En 2016, Salesforce a revu son interface graphique et sorti Lightening, qui permet par exemple à un responsable métier de modifier le tunnel d'achat par simple glisser-déposer. Commerce Cloud va-t-il en bénéficier ?

Commerce Cloud va pouvoir exploiter de nombreux atouts de Salesforce, dont Lightening. Plus largement, nous réfléchissons aux produits de Salesforce que nous souhaitons utiliser à court terme dans Commerce Cloud, en fonction de la valeur qu'ils apporteront à nos clients. La priorité est l'intégration renforcée avec Marketing Cloud et Service Cloud.

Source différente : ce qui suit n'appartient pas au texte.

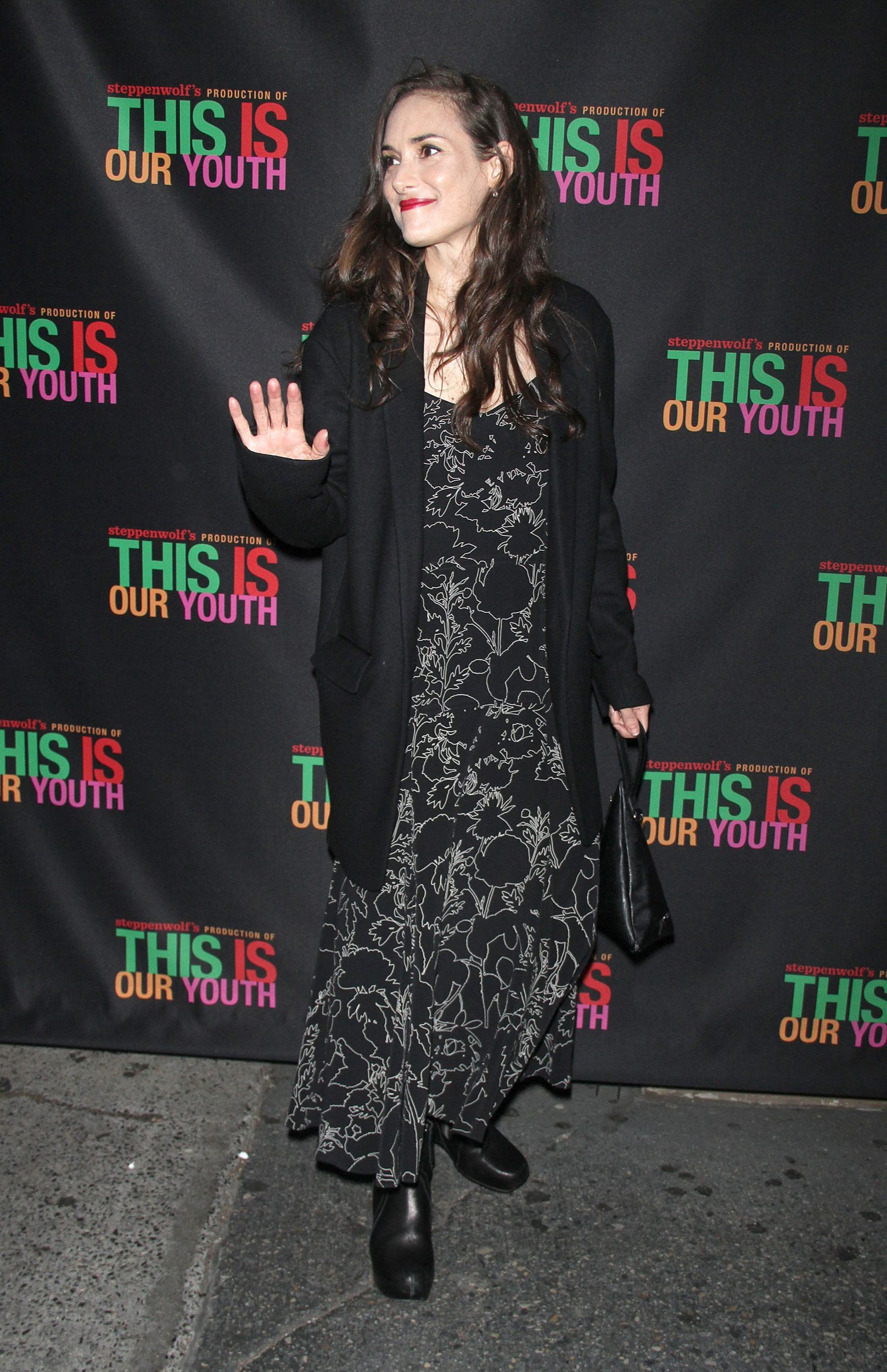 HQ_011.jpg HQ_011.jpg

Pour le reste, nous aurons finalisé la feuille de route initiale d'intégration pour le début de notre prochain exercice, le 1er février 2018.

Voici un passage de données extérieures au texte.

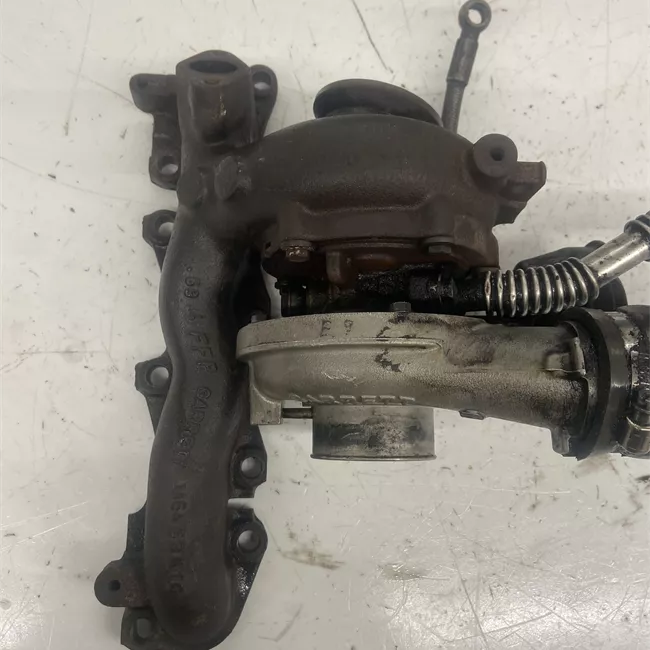 Turbocompressore con collettore scarico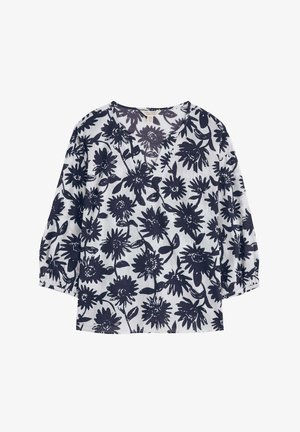 Blusa floral azul marino con mangas de tres cuartos, escote en V y tejido ligero que presenta un atrevido patrón de flores sobre un fondo blanco.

La couche d'intelligence artificielle de Salesforce, Einstein, sera-t-elle aussi portée sur Commerce Cloud ?

Commerce Cloud dispose déjà de capacités prédictives en matière de recommandations, d'e-mails, d'assortiment… Nous allons lancer encore d'autres fonctionnalités prédictives cette année, notamment sur la recherche on-site et le merchandising. Historiquement, c'est au travers des reportings de nos équipes "customer success" que nous transmettions à nos clients les comportements utilisateurs avec lesquels affiner leur merchandising. Grâce à Einstein, nous allons incorporer cela à nos outils. Les équipes marketing verront que la couleur rouge est en vogue dans telle catégorie de produits et pourront décider de merchandiser plus de rouge.

"Les marketplaces sont un format en fin de vie"

En parallèle de la feuille de route produits, nous travaillons à rapprocher Einstein de ce que nous avons débuté côté Demandware, pour parvenir à une plateforme commune dotée d'un seul data-set rassemblant ce que nous savons du client, et au-dessus de laquelle un unique moteur d'IA et de machine-learning supportera la totalité de nos applications : Service, Sales, Commerce et Marketing. Pour l'instant, chaque cloud réalise ses propres investissements Einstein. Les rassembler rendra l'ensemble bien plus puissant.

Salesforce n'a pas de solution de marketplace. Comptez-vous en racheter ou en bâtir une ?

Nous ne croyons pas vraiment à ce business, à mon sens réservé aux pure players. Il faut certes permettre aux marques de mieux utiliser ce canal, car le consommateur doit pouvoir acheter là où il le souhaite. Mais si je suis Lacoste et que je vends sur Amazon, ce qu'il me faut, c'est un gestionnaire de flux qui sait porter mon catalogue, mes contenus et ma stratégie de merchandising sur Amazon, ce que Commerce Cloud sait déjà faire. Pas ouvrir une marketplace.

En France, beaucoup de marchands en lancent, y compris chez les click&mortar. Votre parti pris provient-il du fait que la plupart de vos clients sont des marques ?

Nous avons aussi des clients marchands, comme House of Fraser, Marks&Spencer ou Karstadt. C'est une opportunité pour nous car le retail est aujourd'hui en état de siège, du fait que les consommateurs sont face à un choix illimité. Si vous êtes Décathlon ou Carrefour, vous avez intérêt à réorienter votre business model pour développer vos marques propres et apporter plus de valeur à vos clients au travers d'expériences fluides et pertinentes. C'est cela que nous voulons faciliter, et non la création de marketplaces, un format que nous jugeons en fin de vie.

Beaucoup de clients de Demandware l'utilisaient avec le CRM de Microsoft, Dynamics. Cette intégration va-t-elle perdurer ?

Notre philosophie a toujours été l'ouverture de notre plateforme. Chez Demandware comme chez Salesforce, nous avons beaucoup investi pour pouvoir accueillir les meilleurs outils tiers. Ce ne sera pas différent avec Dynamics et les autres outils de CRM. Beaucoup de nos clients utilisent ces solutions et il est important de pouvoir continuer à leur apporter de la valeur.

Est-ce pour faciliter cette ouverture, cette coopétition, que vous avez créé Commerce Cloud comme une entité séparée de Sales Cloud ?

Pas vraiment, puisque cette valeur est centrale aussi pour Salesforce. En conservant Demandware en tant que business unit, Salesforce a voulu protéger la qualité de ses produits et apprendre de son expertise. C'est vrai aussi de Marketing Cloud ou de Service Cloud. Commerce Cloud est un business de taille significative, avec beaucoup de complexité, qui se positionne sur un marché en forte croissance. Salesforce a voulu le soutenir afin qu'il coure encore plus vite.